I’ve argued in particular that conservatives often overstate President Obama’s culpability for the severity of the downturn. I agree with the conservative view that the president’s policies are detrimental to the long-term growth of the United States. I agree too that Obama has not responded effectively enough to the crisis. Once more and with feeling: I am not a supporter of this president or his policies. But to say “he has failed to respond as effectively as he should have” is a very different thing from “he made it worse.” That claim I think is insupportable.
This view of mine has triggered a lot of negative comments from fellow conservatives. I am posting a good example of one of these comments on the site today, a piece by FrumForum contributor Jeff Burk that forcefully states what I think is fair to call the mainstream conservative view that Obama made the economy worse.
Take a look, then return here for a reply.
Burk makes four main points:
1) $800 billion in stimulus spending has created expectations of future tax increases that weigh heavily on job creators.
2) The Affordable Care Act and the emergency economic actions of the Obama administration have created regulatory uncertainty that likewise weighs heavily.
3) President Obama has interfered with the housing market reaching its natural bottom, whence recovery could begin.
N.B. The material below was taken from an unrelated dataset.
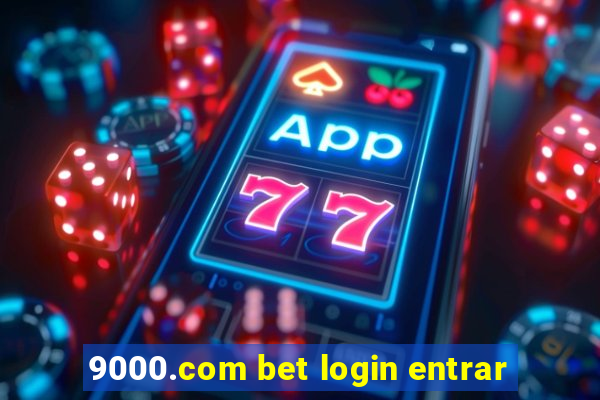 9000.com bet login entrar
4) Through the stimulus and the Affordable Care Act, President Obama has generally shifted resources from the private sector to the public sector.
I think it’s fair to say that this critique would be endorsed by most conservative economic commentators. I think it’s equally fair to say they would be endorsed by very few conservative economists. We saw just yesterday that Vince Reinhart does not agree. I very much doubt that Glenn Hubbard, Greg Mankiw, John Makin, or Martin Feldstein would agree either.
Any account of what has happened since October 2008 needs to take into account these shaping facts:
1) We have had a global crisis and a global recession, not in America alone.
2) The shock to the world economy has been massive. We have had a massive disappearance of paper wealth: about $10 trillion in the US alone. To put that effect in context, remember that the entire sub prime industry was worth about $200 billion, including both new loans and cash-out refinancing.
3) At no time since January 2009 have taxes been higher in the US than they were in 2007. Right now, taxes are lower. There is no possibility of any tax increase until 2013. As of 2013, we will have had the same tax rates in place for a decade.
1) The conservative critique of Obama rests heavily on the spectre of “uncertainty.” Obama’s actions have created a lot of “uncertainty” and that is holding business back.
Sorry, but I find it impossible to take this argument seriously. Uncertainty is the most fundamental fact of economic life. As long ago as 1922, Ludwig von Mises brilliantly cited the inescapability of uncertainty as the reason that socialist planning must fail. He could have added: few things are as dangerous to a capitalist economy as the delusion that uncertainty has been banished. If back in 2005 we’d had a little less certainty about the housing market, we’d all be a lot happier today.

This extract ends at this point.